# Gotta love a free cage



## FlockLeader (Feb 11, 2014)

So my buddy cleaned out his rental property after the tenant moved out, and he found a brand new bird cage unassembled still in the box.
He offered it to me if I helped him take a load to the dump... i graciously accepted 

Its a A&E Flight Cage, its 32w x 21d x 36h, and there's plenty of room for my 2 ringnecks, who absolutely love it.
They are usually out of the cage all day, i just got them locked up for a few days so they know that is their new cage.

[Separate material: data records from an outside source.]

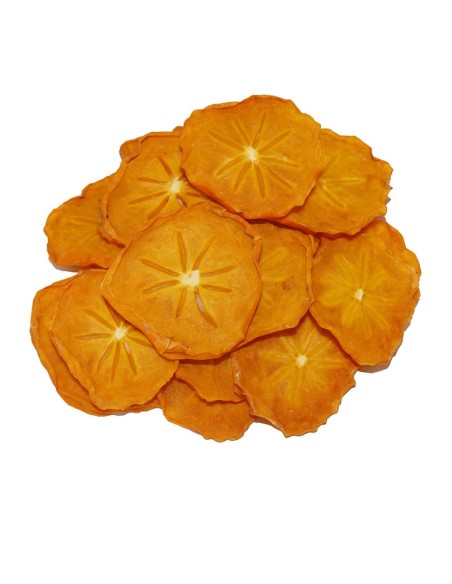 KAKI SECHE LA PIECE (ORIG.ESPAGNE)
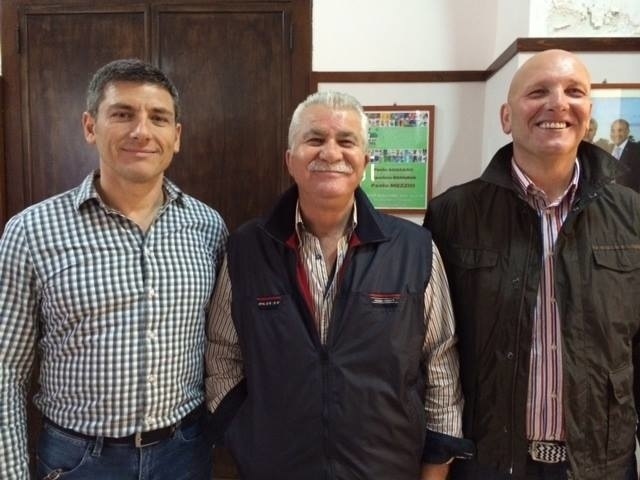 Siracusa, metalmeccanici verso la mobilitazione nazionale del 20 aprile: parte domani la campagna di Fim, Fiom e Uilm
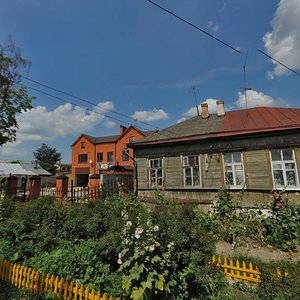Ulitsa Krasina, 49 ، : صورة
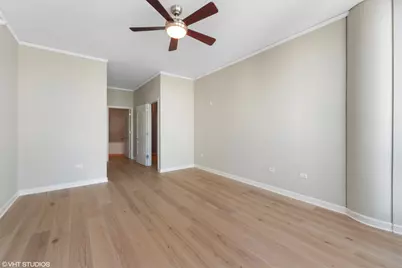 420 E Waterside Drive #4414, Chicago, IL 60601 - Photo 11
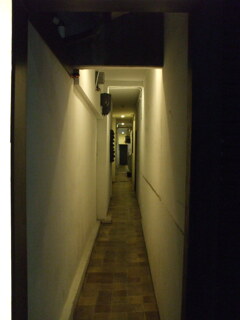 DSCF9296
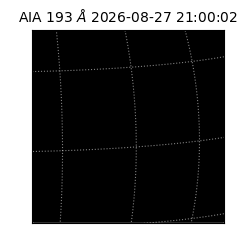 saia - 2026-08-27T21:00:02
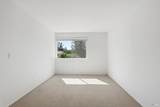 230 San Andreas Drive - Photo 29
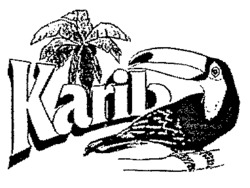 Karib
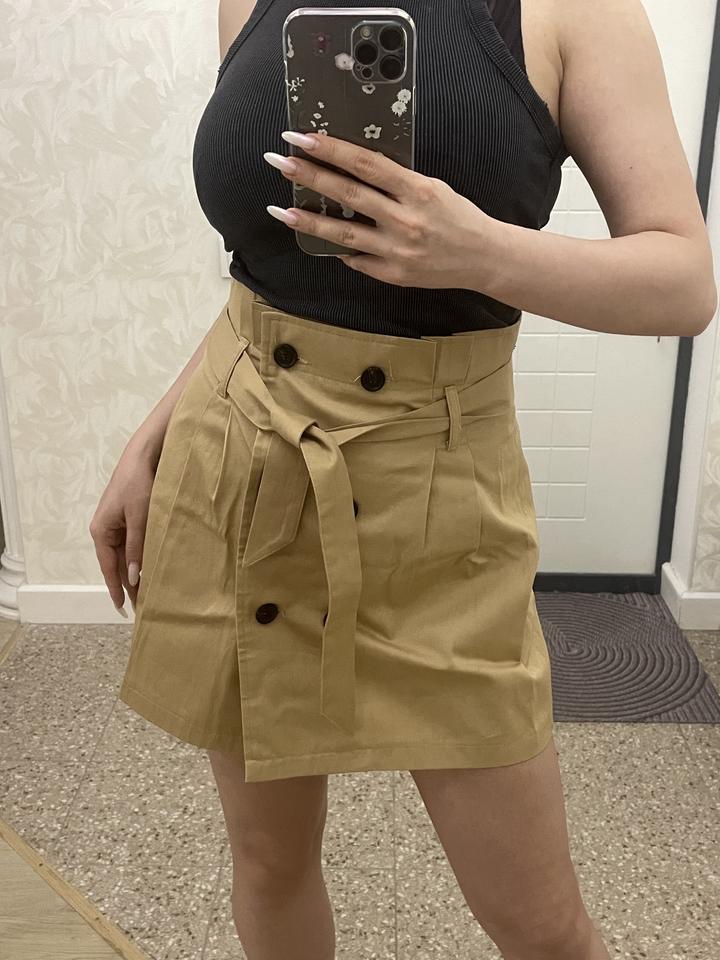 Bershka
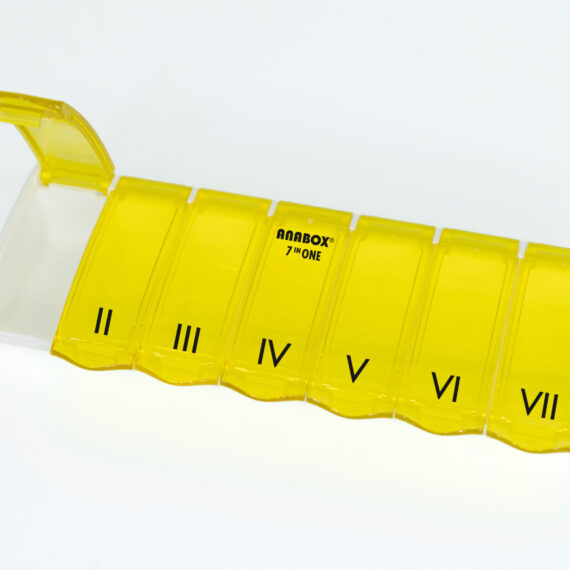 1x7 2.0 Litauen_Gelb_1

As a side note, I thought A&E was supposed to be a quality company... Granted the cage was in the back of a garage at a rental unit, but it was still packaged and unopened, but there are numerous bent bars, screw holes that are not straight and thusly stripped the screws, the tray was cracked, the cage is black but the tray is white...etc. I have gotten the cheaper no-name cages off amazon that were much better quality than this... just saying.


----------



## BirdCrazyJill (Jan 12, 2011)

*Wow what a great deal for you!! *


----------



## eduardo (Jul 24, 2011)

*Missing screws or mismatched color tray or not, you got a heck of a deal here! These cages are worth at least $150! I say, enjoy it!*


----------



## Jonah (Feb 3, 2013)

Greg, I had some of those same issues with my prevue hendryx. Overall I am happy with the product I received for the price I paid. Your price was better though...


----------



## Aisliyna (Sep 8, 2013)

What a steal!  They look happy in there


----------



## kwatson (Jan 19, 2014)

Great deal


----------



## AnimalKaperz (Jun 19, 2012)

Maybe it was a "second" that they got and got it cheap? You know, like, a forklift broke the crates or something? You'll probably never know, but at least your price was right! :thumbsup:


----------